Basic and diluted earnings per share are summarized as follows:
1998 1997
Income from continuing operations $30,914 $31,257
Average common shares
outstanding - basic 33,621 34,904
Basic income from continuing
operations per average share $ .92 $ .90
======= =======
Average common shares outstanding 33,621 34,904
Effect of dilutive securities 42 16
------- -------
Average common shares
outstanding - diluted 33,663 34,920
Diluted income from continuing
operations - per average share $ .92 $ .90
======== ========
The Corporation adopted Statement of Financial Accounting Standard No. 130 -
Reporting Comprehensive Income during the first quarter of 1998.

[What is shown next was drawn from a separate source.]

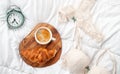 Coffee with croissant, alarm clock and girls underwear in the bed at home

Comprehensive income is defined as changes in equity of a business enterprise
during a period from transactions and other events from non-owner sources.

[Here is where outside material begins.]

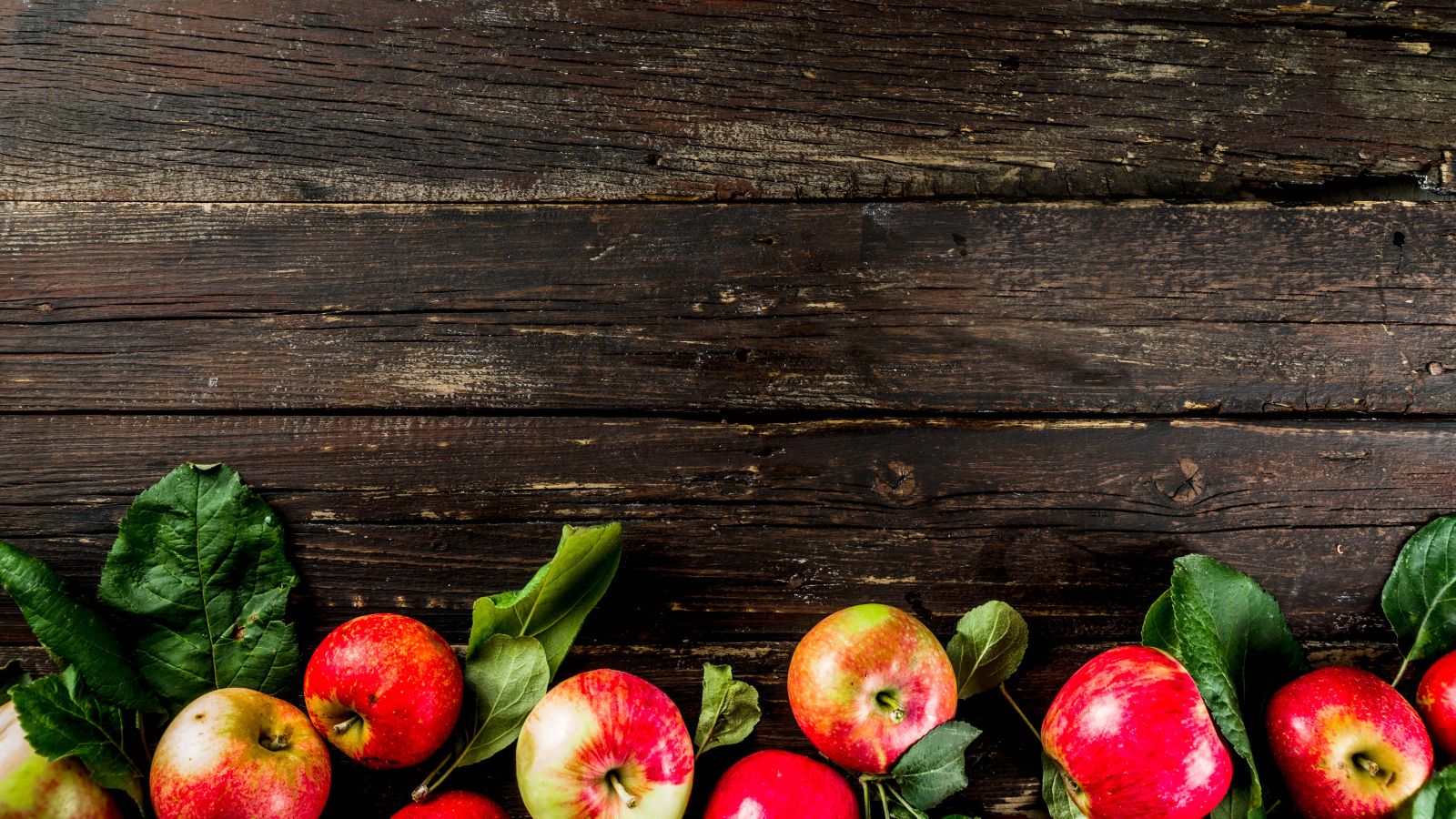 Fresh red apples with leaves on rustic wooden background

The Corporation has displayed comprehensive income on its Statement of
Consolidated Income on page 3 of this Form 10-Q.
The Corporation also adopted Statement of Position 98-1 "Accounting for the
Costs of Computer Software Developed or Obtained for Internal Use." This
statement provides guidance on accounting for the costs of computer software
developed or obtained for internal use and allows for certain costs associated
with developing/obtaining software for internal use to be capitalized.

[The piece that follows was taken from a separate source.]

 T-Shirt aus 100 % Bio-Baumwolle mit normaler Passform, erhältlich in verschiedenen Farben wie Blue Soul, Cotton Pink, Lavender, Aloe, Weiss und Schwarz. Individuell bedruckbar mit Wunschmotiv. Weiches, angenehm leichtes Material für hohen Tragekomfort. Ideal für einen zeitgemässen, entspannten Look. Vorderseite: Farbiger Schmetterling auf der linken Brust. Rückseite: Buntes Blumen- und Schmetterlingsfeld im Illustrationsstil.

Pursuant to this, the Corporation capitalized $1.1 million during the first
quarter of 1998. Prior to this Statement of Position, this amount would have
been expensed as incurred.
NOTE II - FIRST QUARTER EVENTS
During the first quarter of 1998, the Corporation was in violation of one of
its loan covenants for its revolving line of credit. The covenant states that
no more than 30% of the Corporation's investment portfolio at market value may
be invested in equity securities. At March 31, 1998 the actual percentage of
equity securities to consolidated investments was 30.2% at market value. This
violation occurred solely because of appreciation in the Corporation's equity
portfolio. The Corporation has not allocated any new funds to the equity
portfolio in the last three years. The syndicate of banks under the credit
agreement have all signed waivers of default for this occurrence.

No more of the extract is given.